Medication compliance at 2 years was 81.3% in the ramipril group and 84.8% in the placebo group. Median fasting plasma glucose level at baseline was 106 mg/dl. Mean systolic blood pressure (SBP) at baseline was 136 mm Hg and mean diastolic blood pressure (DBP) was 83.4 mm Hg. SBP was reduced to a greater extent in the ramipril group compared with placebo (8.2 mm Hg vs. 3.9 mm Hg, p < 0.001).

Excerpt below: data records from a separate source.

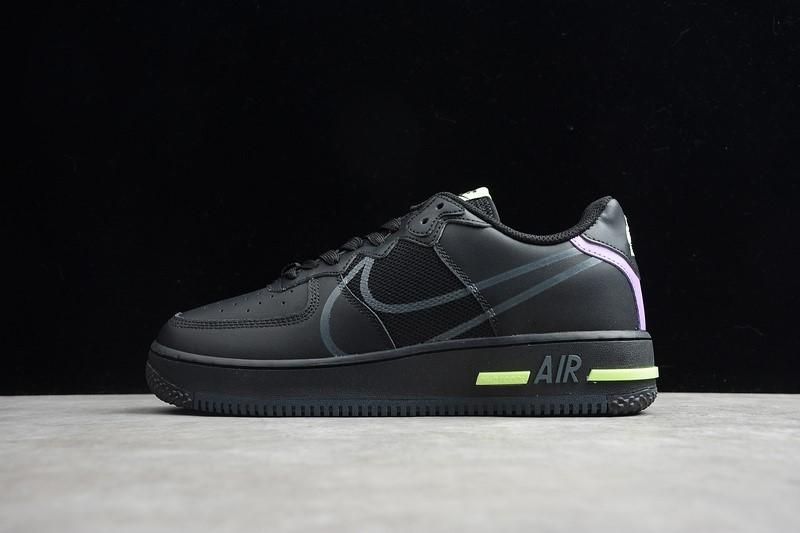 NikeMens Air Force 1 AF1 React - Black Violet Star Barely Volt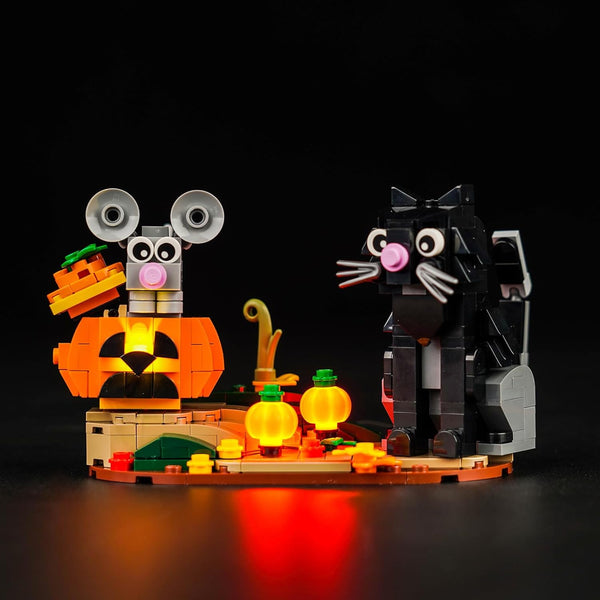 Upgraded LED Light Kit for LEGO Halloween Cat & Mouse Building Set, Compatible with LEGO 40570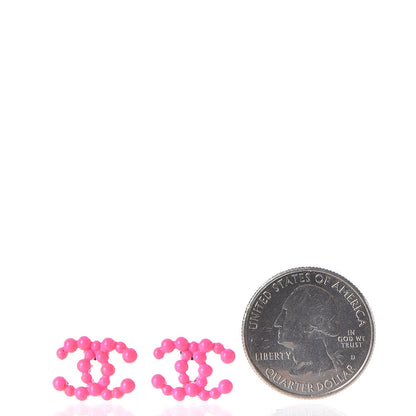 Chanel Resin Ruthenium CC Earrings Pink 2 of 7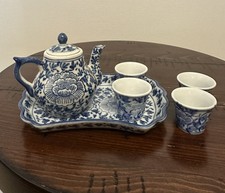 Vtg Chinese Miniature Porcelain Tea Set Blue White Floral Design With Marking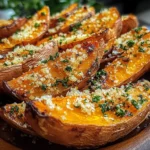 Garlic Parmesan Sweet Potato Wedges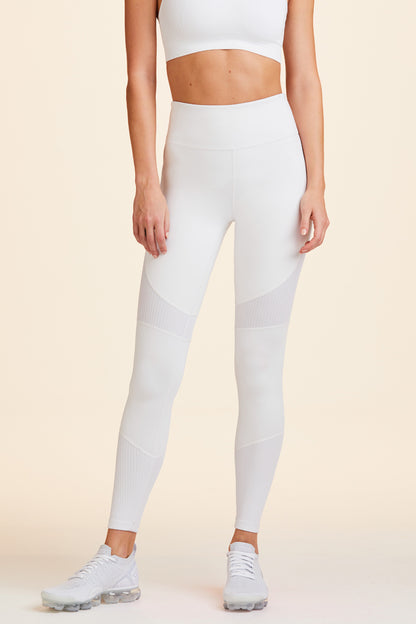 Front view of Alala Women's Luxury Athleisure white tight with rib detail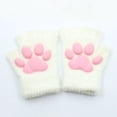 thumbnail image 1 of Guantes de silicona 3D con forma de garra de gato, bonitos guantes de peluche de gato para niñas, guantes cálidos con imitación de visón y garra de gato, 1 of 6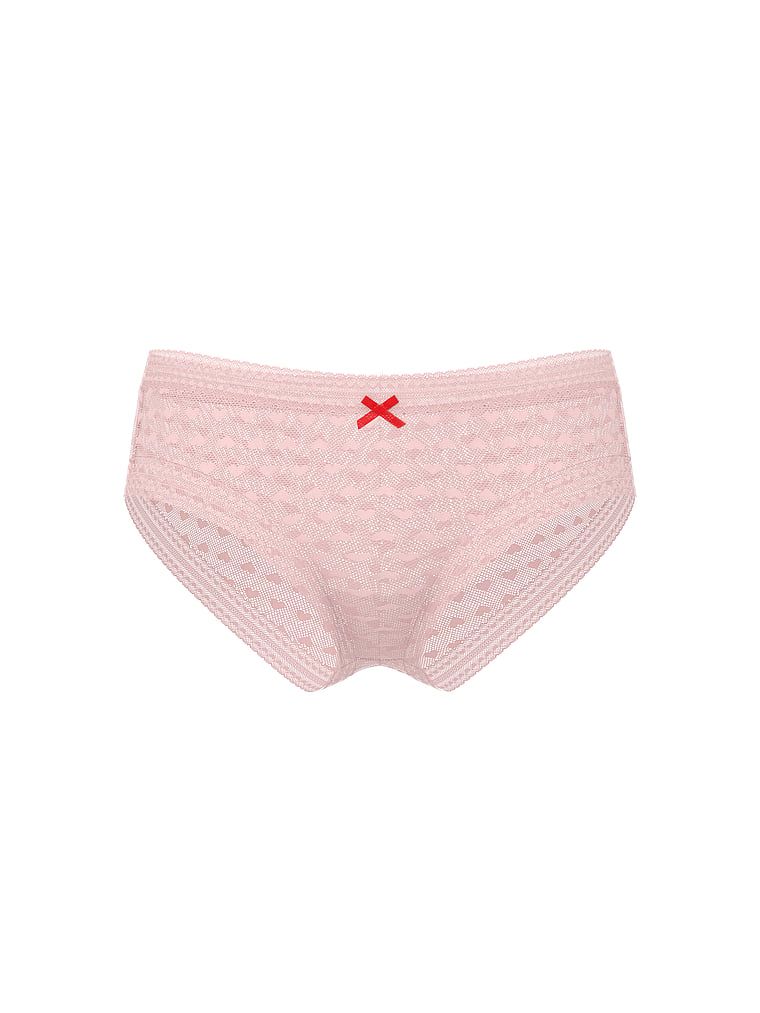 Síťové slipy Heart Lace Cheeky. Produkt je růžové barvy a pochází z kolekce Lacie.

The primary endpoint of death or new diabetes occurred in 18.1% of the ramipril group and 19.5% of the placebo group (hazard ratio [HR] 0.91, p = 0.15). Among the components of the composite, 1.2% of patients in each treatment group died, and diabetes was diagnosed in 17.1% of the ramipril group versus 18.5% of the placebo group (p = NS). There was no difference between treatment groups in cardiovascular events (2.6% for ramipril vs. 2.4% for placebo, HR 1.08, p = 0.68). Glucose levels returned to normal more frequently in the ramipril group (42.5% vs. 38.2%, HR 1.16, p = 0.001).

At final study visit, median fasting plasma glucose levels were 102.7 mg/dl in the ramipril group and 103.4 mg/dl in the placebo group (p = 0.07); post-load glucose levels were 135.1 mg/dl in the ramipril group and 140.5 mg/dl in the placebo group (p = 0.01).